Thanks to the Great Lakes Restoration Initiative, EarthKeepers II is helping reduce airborne mercury — by assisting northern Michigan religious communities as they reduce energy consumption in their homes and Houses of Worship.
EarthKeepers II (EK II) is an interfaith community garden and energy conservation initiative across the Upper Peninsula of Michigan and Northeast Wisconsin.
The two-year project is funded by the EPA Great Lakes Restoration Initiative in cooperation with Anishinaabe Native American tribes and 10 faiths representing 250 churches and temples.
EK II supports the planting of 30 interfaith community gardens that include vegetables — and pollinator-friendly native plants.
Reducing airborne mercury is the goal of energy conservation audits at 40 houses of worship — completed by the fall of 2013.
The in-depth reports will help churches and temples plan ways to reduce energy consumption.
EK II helps fund faith community energy conservation measures suggested by the inspections.
To further reduce airborne mercury – EK II educates congregations about ways to make their homes more energy efficient.
Founded by the nonprofit Cedar Tree Institute in Marquette, the EK II team includes the EPA, the U.S. Forest Service and Delta Green, a Marquette based nonprofit corporation.

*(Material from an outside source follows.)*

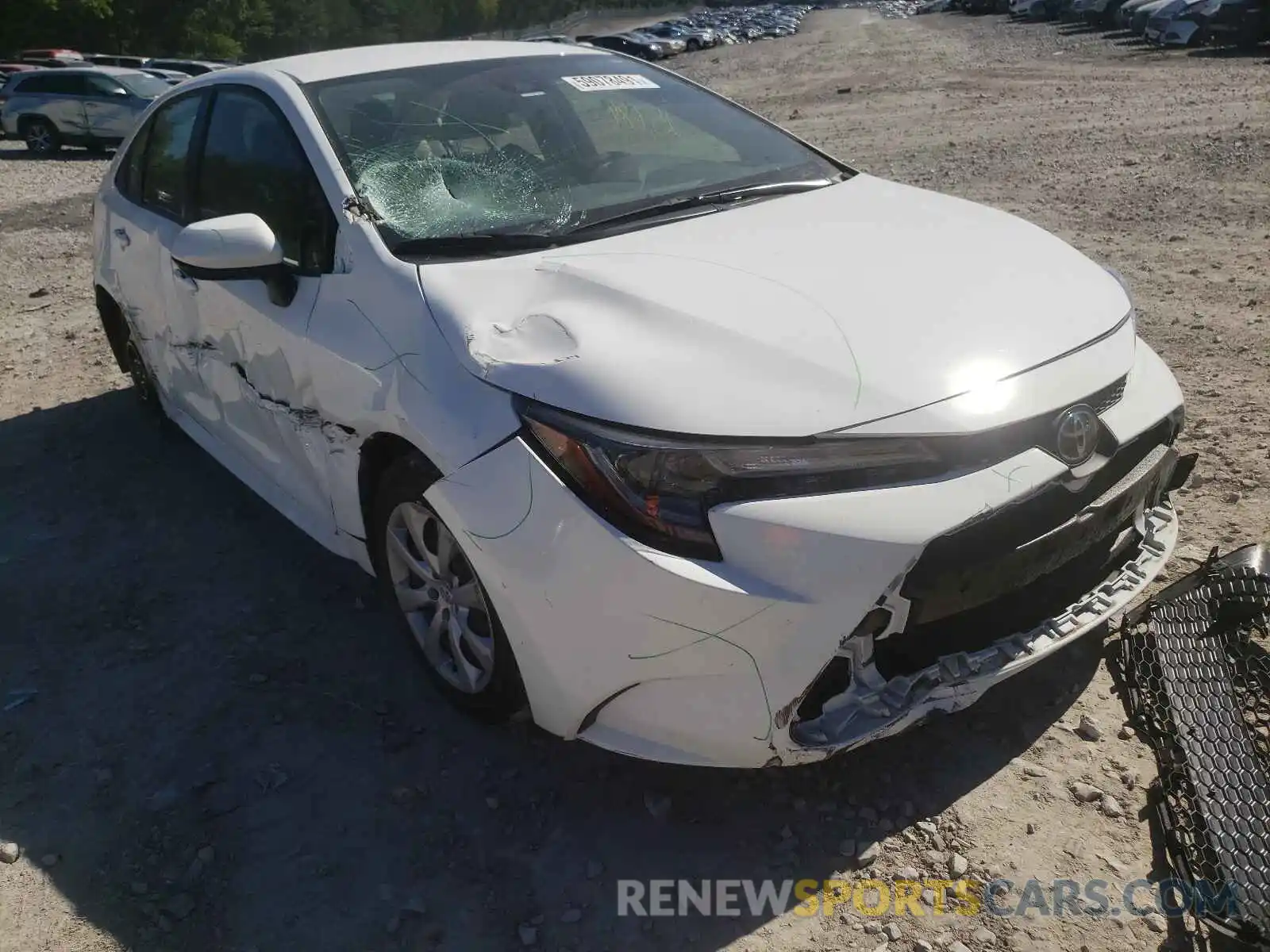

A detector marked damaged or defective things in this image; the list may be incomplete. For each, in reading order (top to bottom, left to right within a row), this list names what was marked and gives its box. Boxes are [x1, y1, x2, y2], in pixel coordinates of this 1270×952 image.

shattered windshield [305, 54, 845, 251]
damaged white sedan [97, 39, 1194, 765]
crumpled hood [416, 174, 1130, 435]
broken bumper piece [794, 501, 1181, 755]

10 faith traditions sponsor EK II: Roman Catholic, Episcopal, Jewish, Lutheran, Presbyterian, United Methodist, Bahá’í, Unitarian Universalist and Zen Buddhist.
Among the urgent lifesaving issues addressed by the Great Lakes Restoration Initiative and its strategic partners:
- Cleaning up toxics
- Combating invasive species
- Protecting watersheds from polluted run-off
- Restoring wetlands and other wildlife habitat
That’s why EK II cares about the Great Lakes — and why you should too.